En efecto, la sentencia del caso Roe v. Wade se apoyó –según argumenta la del caso Dobbs v. Jackson– en una interpretación peculiar y forzada de la 14ª Enmienda de la Constitución norteamericana, según la cual se extendía la protección de la “privacidad” al cuerpo de la mujer y, en consecuencia, ese derecho a su “privacidad” debía de prevalecer sobre la protección del “nasciturus”.

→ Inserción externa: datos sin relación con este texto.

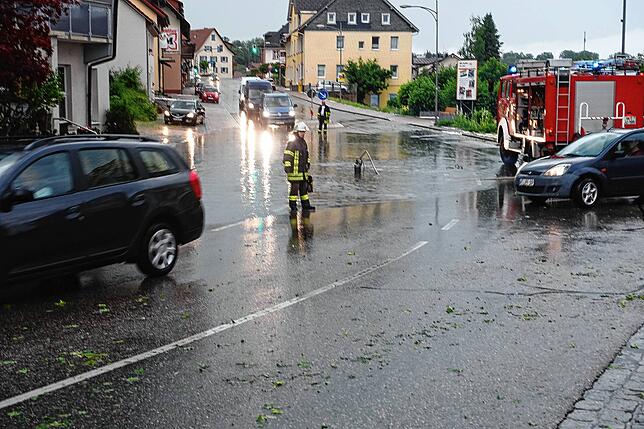 Ein Unwetter hat am Montag, 21. Juni, einen großen Schaden in Bonndorf angerichtet. Straßen wurden überschwemmt, Keller überflutet, ...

En base a esa interpretación extensiva del derecho a la “privacidad” –y siguiendo el planteamiento de la sentencia del caso Roe v. Wade–, correspondía a la mujer el derecho a decidir por sí misma “si llevar o no llevar a término su embarazo”, considerando al “nasciturus” como parte de su “privacidad” –o propiedad privativa– sobre la cual nadie, tampoco el Estado, podía inmiscuirse. Además, Roe v. Wade también se apoyó en otro argumento que los avances científicos han desmentido:
El de negar al embrión la condición de persona por carecer de individualidad y por tener una gran dependencia de la madre. Desde esta lógica, Roe v. Wade declaró que el aborto era constitucional hasta que el niño fuera viable
En consecuencia, con esta interpretación Roe v. Wade sustrajo a los Poderes Legislativos de los estados, es decir, “a los representantes elegidos por el pueblo”, la facultad de limitar o penalizar el aborto. En resumen, una interpretación extensiva del derecho a la “privacidad” de una mayoría de los nueve magistrados del Alto Tribunal norteamericano ha venido impidiendo que los estados puedan regular el aborto conforme a la opinión mayoritaria de los ciudadanos de cada estado.
En mi opinión, la reciente sentencia del caso Dobbs v. Jackson contiene tres aspectos sumamente positivos, dos generales y uno particular sobre el aborto.
– En primer lugar, esta sentencia constituye un triunfo de la Democracia, del Estado de Derecho y de la separación de poderes bajo la supremacía de la Constitución, cerrando el paso a un activismo judicial que ha llevado a que unos pocos jueces puedan, mediante interpretaciones venturosas o poco rigurosas, erigirse en Poder constituyente y sustraer al poder legislativo la facultad de aprobar leyes conforme a las mayorías parlamentarias. Los jueces están para interpretar y aplicar el Derecho, no para crearlo.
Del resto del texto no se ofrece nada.